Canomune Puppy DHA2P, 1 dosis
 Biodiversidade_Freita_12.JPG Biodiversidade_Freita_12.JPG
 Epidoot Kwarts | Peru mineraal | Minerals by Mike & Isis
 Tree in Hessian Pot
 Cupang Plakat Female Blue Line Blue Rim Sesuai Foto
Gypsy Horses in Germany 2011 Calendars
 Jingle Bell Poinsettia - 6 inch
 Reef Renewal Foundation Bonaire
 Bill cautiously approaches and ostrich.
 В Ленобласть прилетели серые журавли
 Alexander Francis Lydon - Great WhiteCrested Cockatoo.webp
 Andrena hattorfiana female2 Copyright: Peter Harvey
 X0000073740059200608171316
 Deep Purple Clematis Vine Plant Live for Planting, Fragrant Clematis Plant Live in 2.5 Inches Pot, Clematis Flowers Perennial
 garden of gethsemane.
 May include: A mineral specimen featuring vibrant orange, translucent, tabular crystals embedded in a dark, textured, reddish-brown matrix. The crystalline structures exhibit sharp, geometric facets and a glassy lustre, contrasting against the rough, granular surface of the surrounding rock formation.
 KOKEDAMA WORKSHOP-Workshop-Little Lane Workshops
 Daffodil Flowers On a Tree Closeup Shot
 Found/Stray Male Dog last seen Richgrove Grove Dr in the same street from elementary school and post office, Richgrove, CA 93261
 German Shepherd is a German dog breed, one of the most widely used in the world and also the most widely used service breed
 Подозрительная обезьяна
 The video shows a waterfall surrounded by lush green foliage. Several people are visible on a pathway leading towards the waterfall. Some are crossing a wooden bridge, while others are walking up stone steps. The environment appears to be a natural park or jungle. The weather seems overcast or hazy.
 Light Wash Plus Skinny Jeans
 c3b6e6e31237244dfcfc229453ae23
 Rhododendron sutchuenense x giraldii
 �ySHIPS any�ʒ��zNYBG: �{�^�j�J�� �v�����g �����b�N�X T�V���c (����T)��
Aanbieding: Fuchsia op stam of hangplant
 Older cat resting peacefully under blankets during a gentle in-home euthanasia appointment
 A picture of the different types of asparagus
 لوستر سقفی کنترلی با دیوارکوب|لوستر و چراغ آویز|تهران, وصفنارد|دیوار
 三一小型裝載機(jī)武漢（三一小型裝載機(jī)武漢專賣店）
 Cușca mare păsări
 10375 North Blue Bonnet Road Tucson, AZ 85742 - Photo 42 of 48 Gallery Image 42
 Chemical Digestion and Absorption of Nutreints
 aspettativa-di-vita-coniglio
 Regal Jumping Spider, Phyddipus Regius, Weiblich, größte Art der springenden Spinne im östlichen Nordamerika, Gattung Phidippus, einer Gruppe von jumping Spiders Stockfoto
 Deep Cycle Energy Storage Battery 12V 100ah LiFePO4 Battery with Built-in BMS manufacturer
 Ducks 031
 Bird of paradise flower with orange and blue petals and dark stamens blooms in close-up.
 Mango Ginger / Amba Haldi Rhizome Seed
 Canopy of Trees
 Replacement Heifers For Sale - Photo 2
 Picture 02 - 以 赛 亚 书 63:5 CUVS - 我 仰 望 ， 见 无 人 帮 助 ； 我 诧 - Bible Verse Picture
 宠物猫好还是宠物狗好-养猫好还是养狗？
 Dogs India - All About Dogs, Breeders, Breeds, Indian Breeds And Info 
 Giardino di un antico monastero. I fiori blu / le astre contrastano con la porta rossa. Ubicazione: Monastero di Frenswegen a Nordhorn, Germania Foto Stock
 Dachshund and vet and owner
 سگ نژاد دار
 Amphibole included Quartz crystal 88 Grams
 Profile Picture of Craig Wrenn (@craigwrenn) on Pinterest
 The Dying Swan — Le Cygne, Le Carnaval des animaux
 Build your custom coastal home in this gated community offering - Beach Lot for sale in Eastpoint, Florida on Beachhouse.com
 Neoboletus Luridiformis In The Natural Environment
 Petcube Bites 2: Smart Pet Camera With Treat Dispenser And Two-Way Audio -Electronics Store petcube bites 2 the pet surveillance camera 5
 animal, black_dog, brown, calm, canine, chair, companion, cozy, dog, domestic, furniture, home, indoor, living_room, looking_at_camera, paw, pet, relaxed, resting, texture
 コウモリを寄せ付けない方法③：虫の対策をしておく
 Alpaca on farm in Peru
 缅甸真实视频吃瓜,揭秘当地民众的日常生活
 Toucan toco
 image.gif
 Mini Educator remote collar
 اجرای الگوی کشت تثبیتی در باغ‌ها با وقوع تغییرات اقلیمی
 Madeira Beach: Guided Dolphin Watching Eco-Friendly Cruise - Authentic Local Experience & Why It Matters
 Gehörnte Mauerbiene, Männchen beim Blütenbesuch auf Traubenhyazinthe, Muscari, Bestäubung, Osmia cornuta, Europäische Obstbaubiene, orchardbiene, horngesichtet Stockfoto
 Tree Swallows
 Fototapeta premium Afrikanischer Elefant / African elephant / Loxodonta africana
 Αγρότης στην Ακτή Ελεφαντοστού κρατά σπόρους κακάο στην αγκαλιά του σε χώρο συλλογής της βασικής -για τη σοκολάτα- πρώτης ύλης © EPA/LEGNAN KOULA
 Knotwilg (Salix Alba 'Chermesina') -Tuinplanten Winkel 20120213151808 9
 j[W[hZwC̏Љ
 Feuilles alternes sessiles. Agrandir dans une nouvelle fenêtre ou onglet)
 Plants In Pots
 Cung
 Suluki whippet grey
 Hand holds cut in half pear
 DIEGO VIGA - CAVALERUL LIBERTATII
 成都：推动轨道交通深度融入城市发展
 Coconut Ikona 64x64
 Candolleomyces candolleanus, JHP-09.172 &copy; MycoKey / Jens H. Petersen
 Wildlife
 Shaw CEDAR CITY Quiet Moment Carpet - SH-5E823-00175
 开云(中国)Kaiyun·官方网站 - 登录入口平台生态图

***

> **EXERCISE INSTRUCTIONS**
Please output only the lines from the first line of the entries through the line with "A picture of", both included, exactly as written.

> **ANSWER BOX**
Canomune Puppy DHA2P, 1 dosis
 Biodiversidade_Freita_12.JPG Biodiversidade_Freita_12.JPG
 Epidoot Kwarts | Peru mineraal | Minerals by Mike & Isis
 Tree in Hessian Pot
 Cupang Plakat Female Blue Line Blue Rim Sesuai Foto
Gypsy Horses in Germany 2011 Calendars
 Jingle Bell Poinsettia - 6 inch
 Reef Renewal Foundation Bonaire
 Bill cautiously approaches and ostrich.
 В Ленобласть прилетели серые журавли
 Alexander Francis Lydon - Great WhiteCrested Cockatoo.webp
 Andrena hattorfiana female2 Copyright: Peter Harvey
 X0000073740059200608171316
 Deep Purple Clematis Vine Plant Live for Planting, Fragrant Clematis Plant Live in 2.5 Inches Pot, Clematis Flowers Perennial
 garden of gethsemane.
 May include: A mineral specimen featuring vibrant orange, translucent, tabular crystals embedded in a dark, textured, reddish-brown matrix. The crystalline structures exhibit sharp, geometric facets and a glassy lustre, contrasting against the rough, granular surface of the surrounding rock formation.
 KOKEDAMA WORKSHOP-Workshop-Little Lane Workshops
 Daffodil Flowers On a Tree Closeup Shot
 Found/Stray Male Dog last seen Richgrove Grove Dr in the same street from elementary school and post office, Richgrove, CA 93261
 German Shepherd is a German dog breed, one of the most widely used in the world and also the most widely used service breed
 Подозрительная обезьяна
 The video shows a waterfall surrounded by lush green foliage. Several people are visible on a pathway leading towards the waterfall. Some are crossing a wooden bridge, while others are walking up stone steps. The environment appears to be a natural park or jungle. The weather seems overcast or hazy.
 Light Wash Plus Skinny Jeans
 c3b6e6e31237244dfcfc229453ae23
 Rhododendron sutchuenense x giraldii
 �ySHIPS any�ʒ��zNYBG: �{�^�j�J�� �v�����g �����b�N�X T�V���c (����T)��
Aanbieding: Fuchsia op stam of hangplant
 Older cat resting peacefully under blankets during a gentle in-home euthanasia appointment
 A picture of the different types of asparagus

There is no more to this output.